Il capo è quasi sempre un nemico o una controparte, i colleghi sono dei competitor, anch’essi avversari a cui negare sempre la propria spontaneità e il vero sé. Anche la cultura in molte aziende è depersonalizzata. E invece le persone per funzionare bene hanno bisogno d’altro, hanno bisogno di essere se stesse e di essere riconosciute come tali, non servono riconoscimenti esteriori o economici per sentirsi OK e collaborare volentieri, per entusiasmarsi serve sentire di “essere parte” veramente, di appartenere a quel gruppo, non con una “facciata” o una immagine di sè, ma con l’interezza della propria persona.

E allora il compito di chi coordina il lavoro è quello di rendere possibile una vera vicinanza fra esseri umani che fanno insieme un pezzo di strada, ma amichevolmente, realmente appassionati per ciò che stanno facendo, realmente insieme perché si stimano e vedono gli altri come propri simili. Non devono essere fatti cadere in competizione con i propri compagni di viaggio.

Ma che follia!

Credo che chi si occupa di dirigere il personale dovrebbe darsi l’obiettivo di creare empatia fra le persone che lavorano insieme, e l’empatia si crea quando ci riconosciamo come simili, nella stessa barca, e tutti vogliamo, ma come uomini liberi, vogare nella stessa direzione. E allora siamo autentici, e ci fidiamo l’un l’altro perché siamo amici e condividiamo una parte della nostra vita.

Lavorare insieme per anni con efficacia non è una cosa facile, ma se chiediamo passione e responsabilità, fedeltà e cura, dobbiamo aiutare le persone a entusiasmarsi e ad amare ciò che fanno, e questo è possibile solo se ciò che fanno gli serve realmente per autorealizzarsi, appartenere, crescere e dare un senso alla propria esistenza.

E non basta ancora, perchè bisogna anche prendersi cura delle persone intere, della loro salute, fisica e mentale, aiutare le persone sì a realizzarsi attraverso il lavoro, ma senza mai dimenticare l'altra area fondamentale della vita di ognuno: l'affettività e l'amore.

Non si possono sequestrare gli esseri umani impedendogli di fatto l'altra vita: ci si innamora, ci si sposa, nascono bambini, ci si ammala, ci sono amici e parenti, si fa politica e sport, insomma si vive anche fuori.

Si possono delegare gli affetti a baby sitter, badanti, infermieri ed … escort?

Chi starà mai volentieri in un luogo di lavoro che gli impedisce la vita affettiva e relazionale?
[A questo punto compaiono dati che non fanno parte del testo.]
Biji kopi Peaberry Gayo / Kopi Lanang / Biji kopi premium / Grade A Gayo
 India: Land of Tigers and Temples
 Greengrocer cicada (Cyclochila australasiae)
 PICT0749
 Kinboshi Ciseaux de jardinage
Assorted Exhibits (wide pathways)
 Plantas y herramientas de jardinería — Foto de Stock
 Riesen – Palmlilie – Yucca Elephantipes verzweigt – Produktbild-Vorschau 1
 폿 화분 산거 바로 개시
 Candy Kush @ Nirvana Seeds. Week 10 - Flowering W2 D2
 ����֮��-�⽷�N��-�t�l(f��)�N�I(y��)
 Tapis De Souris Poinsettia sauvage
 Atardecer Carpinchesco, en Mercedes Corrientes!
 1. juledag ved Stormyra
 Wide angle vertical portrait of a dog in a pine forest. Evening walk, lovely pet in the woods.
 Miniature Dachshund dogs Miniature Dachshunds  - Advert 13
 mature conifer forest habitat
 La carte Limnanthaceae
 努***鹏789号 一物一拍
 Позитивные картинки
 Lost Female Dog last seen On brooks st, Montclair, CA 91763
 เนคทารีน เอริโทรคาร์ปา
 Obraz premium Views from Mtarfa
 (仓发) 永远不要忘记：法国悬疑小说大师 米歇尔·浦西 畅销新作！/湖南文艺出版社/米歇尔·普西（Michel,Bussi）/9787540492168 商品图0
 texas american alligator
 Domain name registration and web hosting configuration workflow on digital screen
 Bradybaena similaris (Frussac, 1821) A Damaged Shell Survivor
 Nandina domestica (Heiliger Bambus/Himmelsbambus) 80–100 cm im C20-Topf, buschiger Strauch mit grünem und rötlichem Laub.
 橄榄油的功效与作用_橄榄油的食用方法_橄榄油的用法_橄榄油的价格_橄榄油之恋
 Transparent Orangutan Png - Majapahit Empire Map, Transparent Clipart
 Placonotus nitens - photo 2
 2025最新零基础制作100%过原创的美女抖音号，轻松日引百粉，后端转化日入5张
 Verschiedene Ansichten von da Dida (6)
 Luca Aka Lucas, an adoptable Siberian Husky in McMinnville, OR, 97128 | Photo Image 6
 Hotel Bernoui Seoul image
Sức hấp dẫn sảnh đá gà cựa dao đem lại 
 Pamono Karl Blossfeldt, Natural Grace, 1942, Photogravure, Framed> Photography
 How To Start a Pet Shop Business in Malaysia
Molti cominciano a farne senza, letteralmente, ma devono pagare un prezzo altissimo: la solitudine e il fallimento relazionale e familiare. Forse per un po' si riescono a manipolare le menti fino a far credere che valga la pena rinunciare all'amore e alla vita affettiva per il lavoro, la carriera e il danaro, ma per quanto?

Per cambiare paradigma, sarò radicale, ma credo veramente che le persone bisogna amarle e rispettarle davvero. Tutto il resto è catena di montaggio e schiavitù, anche se in giacca e cravatta.